(Crawled caption data)
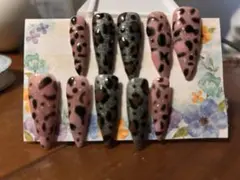 ヒョウ柄ネイルチップ10個セット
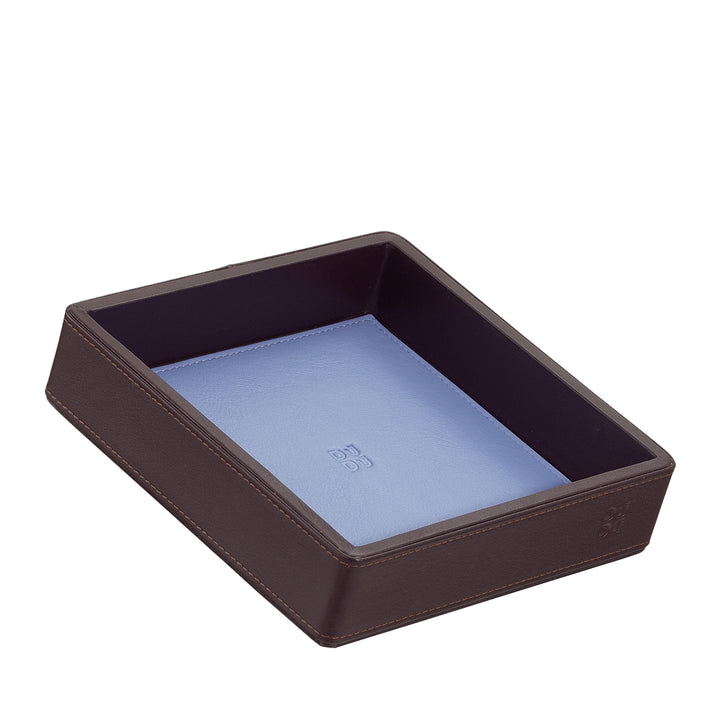 DUDU Plateau de poche en cuir coloré pour entrée, 14 x 14 cm, avec boîte cadeau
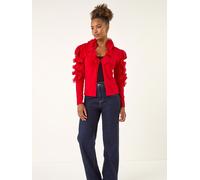 Roman Roman Red Ruffle Contrast Knit Cardigan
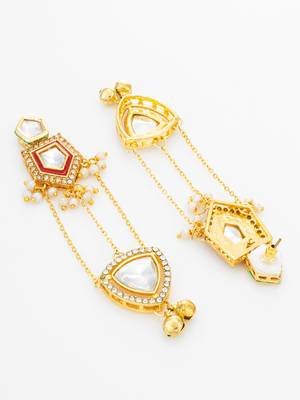 bridal wear kundan maroon enamel chandelier earrings with pearl chain drops 3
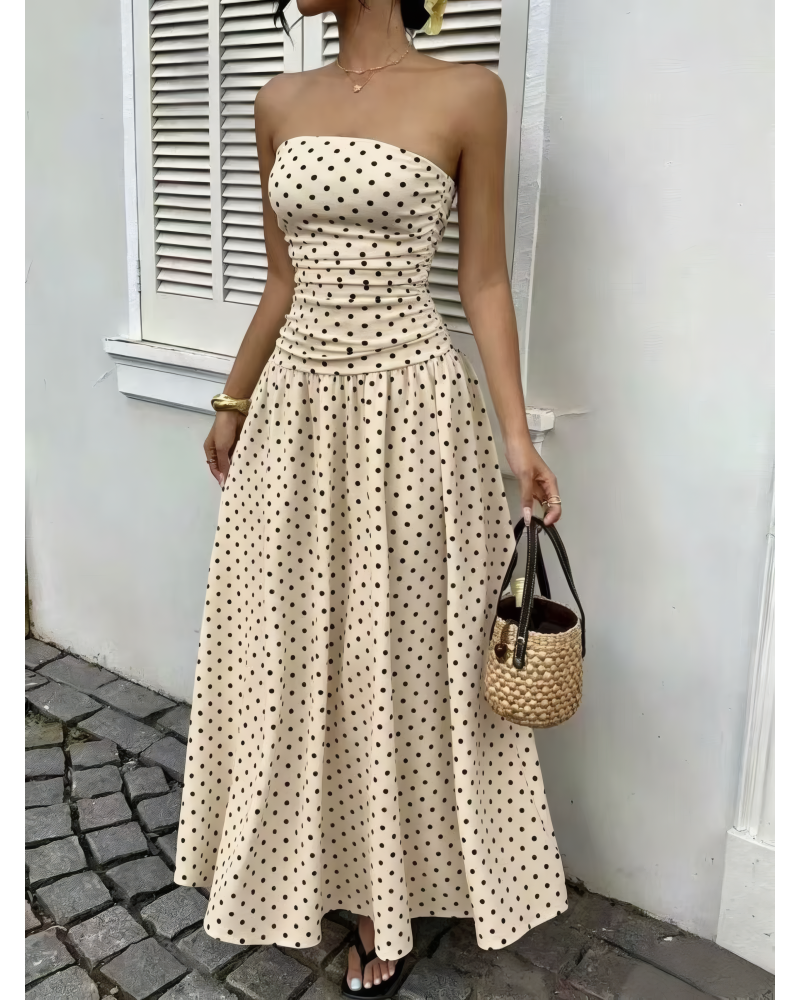 Crimson Dot Strapless Maxi Dress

* **The task**
Omit the pictures; restate every entry word for word.

* **Answer to this problem**
 ヒョウ柄ネイルチップ10個セット
 DUDU Plateau de poche en cuir coloré pour entrée, 14 x 14 cm, avec boîte cadeau
 Roman Roman Red Ruffle Contrast Knit Cardigan
 bridal wear kundan maroon enamel chandelier earrings with pearl chain drops 3
 Crimson Dot Strapless Maxi Dress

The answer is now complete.